Process migration (was: Some very thought-provoking ideas about OS...)

Trever Adams (trever_Adams@bigfoot.com)
Sun, 20 Jun 1999 20:30:57 -0600


Said: torvalds@transmeta.com (Linus Torvalds)
> A distributed system should be composed of individual stand-alone
> systems that can work together. They should be real systems in their
> own right, and have the power to make their own decisions. Too many
> distributed OS projects are thinking "bees in a hive" - while what you
> should aim for is "humans in society".

> I'll take humans over bees any day. Real OS's, with real operating
> systems. Monolithic, because they CAN stand alone, and in fact do most
> of their stuff without needing hand-holding every single minute.
> General-purpose instead of being able to do just one thing.

This has been suggested many times, but I am going to suggest this
again. I honestly see this problem as half user space, half kernel
space. I also see it as a solvable solution.
I believe QNX has this feature, and I greatly like it, even if QNX
doesn't.

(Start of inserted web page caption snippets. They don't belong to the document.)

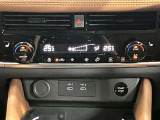 【エアコン】乗員に合わせて温度設定ができるエアコン独立温度調整機能を運転席、助手席に装備!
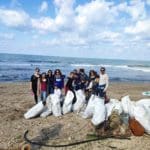 מבצע ניקוי חוף התכלת – Beach cleanup • מול הכנסיה (צילום: שרה אוחיון)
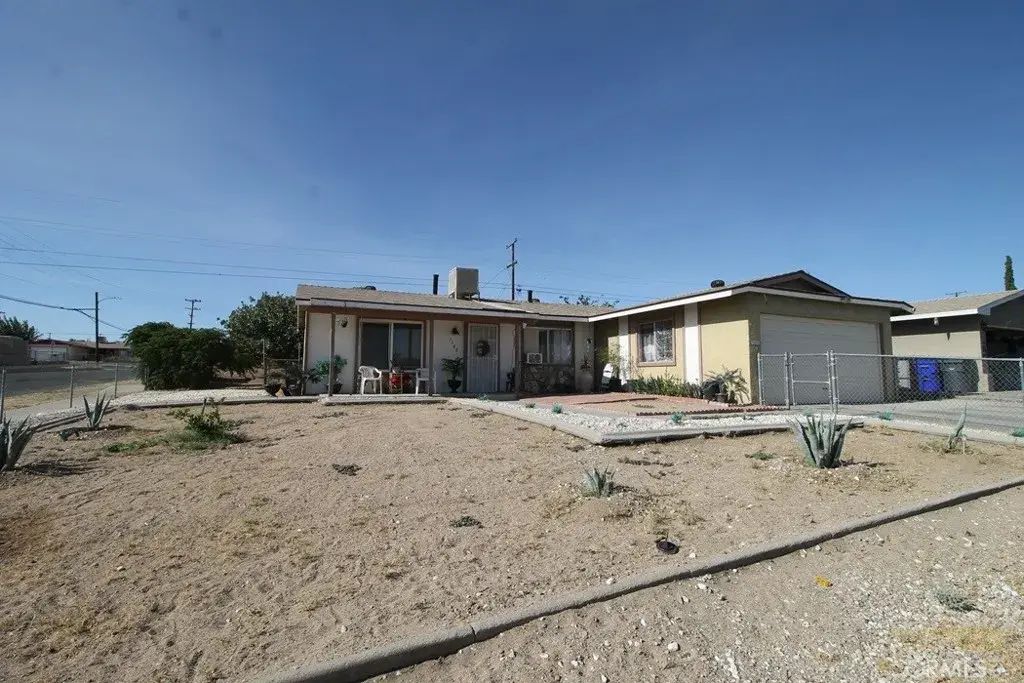 1540 Sunset, Barstow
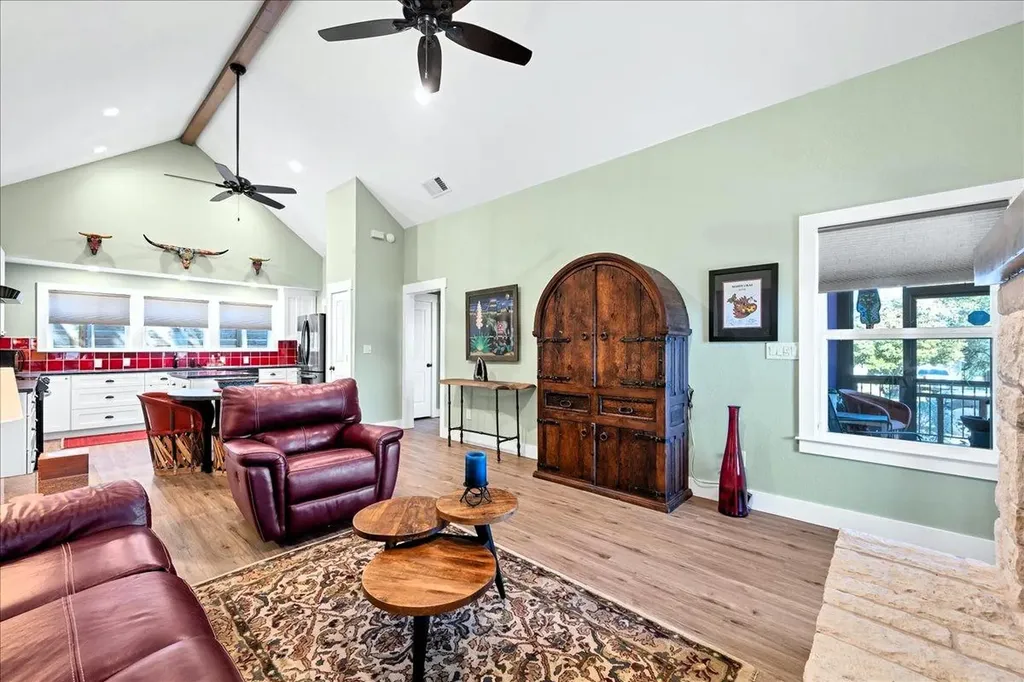 10502 W Lakeview Drive Jonestown TX 78645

It seems like a good idea.

Session management, say as found in Gnome, is similar, but a much
smaller scale idea. Here are the problems and solutions as I see them.
I hope that you all will take me seriously though I have had no OS
design experience, and have recently had unsightly classes (caused by my
ignorance and, in some cases, arrogance).

Process migration: You tell the kernel, I want to take this process
home with me in a file to load on the _SAME_ archetecure, with hopefully
the same file system, and definitely the _SAME_ OS. Kernel creates 1
file. This file is basically a core dump, it saves ALL memory and CPU
state for that application. It then tags onto the end, any necessary
kernel structures that can't be remade when opening the "app file."

Problems as I see them:

1) Open files: One way around this, and in which environment this would
be most useful, would be an environment where all servers/workstations
have the same "user" file systems. Provided via coda, nfs, or similar.
I believe this is easy to do since you have file descriptors, you should
be able to provide path name instead of inode or file descriptors. The
kernel then could easily recreate state.

1b) Non similar file system space: The kernel should allow the user to
say, well this wont be the same file system view... please append all
the files I am using and give them a new name. I am not exactly sure
how this would work, but it is possible.

2) Network connections (and hardware state for root device), and other
non-transferable things: Sorry, the kernel should easily be able to say
"This is a serial/network device/connection, we can't migrate this
process.

2b) Some exceptions would be such special files as /dev/dsp and
/dev/audio. This could be saved as what state they were in and that we
had control.

Honestly, I view this as a wonderful feature. I also have some ideas of
where it would be useful, but don't really have any need at the moment.
At the point where there is need, app state may just be easier to save
in the app than to migrate the process. I thinkt he biggest gain for
this would be in BeoWolf or other cluster environments.

If this is a crazy idea or has problems, please don't flame me, just
enlighten me. If there are tools that do just this, please let me
know. I imagine suspend to disk is a similar idea since it has to save
state... just wouldn't have so many special cases.